Comscore has announced a renewal and expansion of its six-year-old partnership with Vizio’s Inscape for the unit to provide smart TV data for the vendor’s audience measurement system.

Since 2018, Comscore, which delivers data science and audience insights for linear TV operators and streaming companies alike, has integrated automatic content recognition (ACR) data from Inscape in its TV measurement and ratings product.

ACR is a so-called “glass-level” technology that’s capable of detecting what’s playing on a media device, in this case the smart TV screen, providing information about consumption and viewing habits for content and ads across sources.

Inscape is a leading provider of currency-grade smart TV data from millions of opted-in Vizio TVs. Over the past few years it’s built up datasets, including a National Representative Panel dataset and last year adding streaming ad data to the mix. The Vizio division’s smart TV data has provided Comscore with unique insights it doesn’t get through direct relationships with traditional linear pay TV providers and virtual multichannel video programming distributors (vMVPDs). And Inscape’s offering to Comscore has increased over time.

Back in January, for example, Inscape announced the expansion of its coverage of local stations by tapping directly into tuners built into smart TVs in every local U.S. TV market.

The renewal means that Comscore will continue to leverage Inscape’s data in its measurement offering across all 210 local markets. The relationship between the two companies has grown over time to also include proprietary ad tech. 

With the integration of Inscape data, Comscore has developed, among other intellectual property, a patent-pending method to deduplicate data from smart TVs and set-top boxes. This system, the companies said, provides more accurate audience measurement, ensuring viewers don’t get counted more than once.

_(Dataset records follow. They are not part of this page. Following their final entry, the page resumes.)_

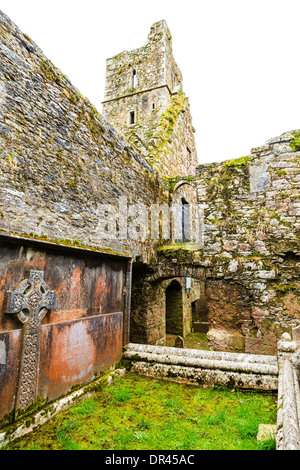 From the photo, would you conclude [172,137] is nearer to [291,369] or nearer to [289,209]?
[289,209]

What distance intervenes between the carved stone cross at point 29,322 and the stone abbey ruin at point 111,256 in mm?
13

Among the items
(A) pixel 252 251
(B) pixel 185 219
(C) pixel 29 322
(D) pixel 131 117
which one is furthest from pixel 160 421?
(D) pixel 131 117

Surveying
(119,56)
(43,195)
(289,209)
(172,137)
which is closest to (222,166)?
(289,209)

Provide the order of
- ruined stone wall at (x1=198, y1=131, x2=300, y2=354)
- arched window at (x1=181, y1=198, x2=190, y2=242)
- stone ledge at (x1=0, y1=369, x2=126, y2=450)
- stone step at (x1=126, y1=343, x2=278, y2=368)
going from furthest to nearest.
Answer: arched window at (x1=181, y1=198, x2=190, y2=242) < ruined stone wall at (x1=198, y1=131, x2=300, y2=354) < stone step at (x1=126, y1=343, x2=278, y2=368) < stone ledge at (x1=0, y1=369, x2=126, y2=450)

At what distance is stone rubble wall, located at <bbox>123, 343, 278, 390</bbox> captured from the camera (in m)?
3.51

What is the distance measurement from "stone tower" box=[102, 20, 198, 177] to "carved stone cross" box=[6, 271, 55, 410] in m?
9.14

This method, the companies claim “marks a significant advancement in TV measurement, allowing Comscore to offer a more granular and precise understanding of audience behaviors across different devices.”

“By leveraging Inscape data from over 24 million opted-in devices annually, Comscore continues to set new standards in TV audience measurement, providing the industry with critical insights into viewing behaviors,” said Ken Norcross, VP of data licensing and strategy at Vizio/Inscape, in a statement.

Added David Algranati, Comscore's chief innovation officer: "The integration of Inscape’s smart TV data not only enhances our TV measurement capabilities but also lays the groundwork for future advancements in cross-channel audience insights. This partnership will promote a better understanding of ad exposure and content engagement in a rapidly evolving media landscape.”

For Inscape, the key partnership renewal announcement with Comscore comes a little over a week after the Vizio unit unveiled an agreement with Locality, a local video advertising provider, to deploy insights to help resolve data reporting inefficiencies for advertisers across local broadcast and streaming TV.

It also comes as Comscore works to compete in the measurement space alongside relative newcomers like iSpot, VideoAmp and Samba TV, as rival incumbent ratings giant Nielsen deals with its own continued challenges. While still widely used in the industry, last week news broke that Nielsen and Paramount failed to strike a new contract, reportedly related to substantial cost increases sought by Nielsen, severing a long-term relationship. Without a new Nielsen deal the programmer intends to lean on startup VideoAmp, per Axios.

On Friday, Nielsen announced Byron Allen’s Allen Media Group signed a multi-year deal for audience measurement - a change after the media company in 2023 struck a 10-year deal with VideoAmp to use the vendor as its primary and preferred TV ad sales currency.

As for smart TV data, Nielsen itself has turned to Vizio’s Inscape before, including under an expanded 2022 deal to incorporate the unit’s data in both local and national audience measurement products.